§ TASK STATEMENT:
From the line containing "Pixelated close-up of" to the line containing "Table blanche sur" in the records below, set down every line exactly as it stands, both ends included, and skip the pictures.

§ STORED DATA:
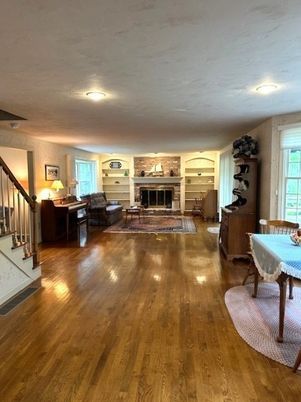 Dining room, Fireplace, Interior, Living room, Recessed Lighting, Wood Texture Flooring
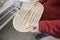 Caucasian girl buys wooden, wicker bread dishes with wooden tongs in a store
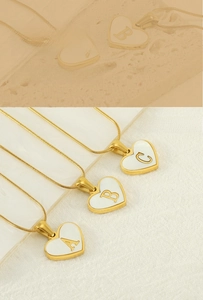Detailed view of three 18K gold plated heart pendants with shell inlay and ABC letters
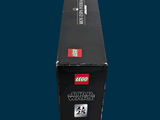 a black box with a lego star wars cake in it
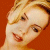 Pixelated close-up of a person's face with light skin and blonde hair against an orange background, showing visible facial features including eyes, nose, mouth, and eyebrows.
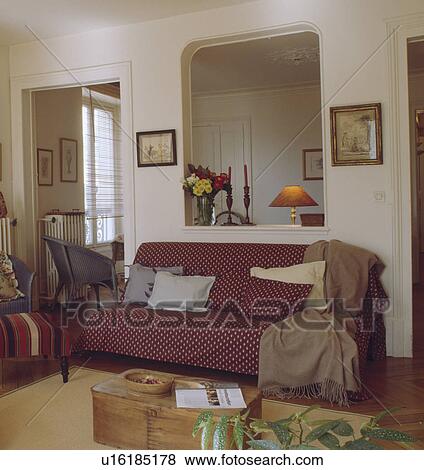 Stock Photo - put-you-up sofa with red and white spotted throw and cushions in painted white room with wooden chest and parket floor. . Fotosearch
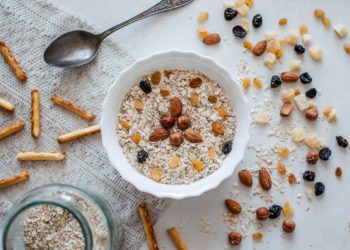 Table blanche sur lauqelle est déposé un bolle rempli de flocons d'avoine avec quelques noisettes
---
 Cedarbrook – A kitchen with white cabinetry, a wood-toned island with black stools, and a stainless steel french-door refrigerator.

§ SOLUTION TO THE EXERCISE:
 Pixelated close-up of a person's face with light skin and blonde hair against an orange background, showing visible facial features including eyes, nose, mouth, and eyebrows.
 Stock Photo - put-you-up sofa with red and white spotted throw and cushions in painted white room with wooden chest and parket floor. . Fotosearch
 Table blanche sur lauqelle est déposé un bolle rempli de flocons d'avoine avec quelques noisettes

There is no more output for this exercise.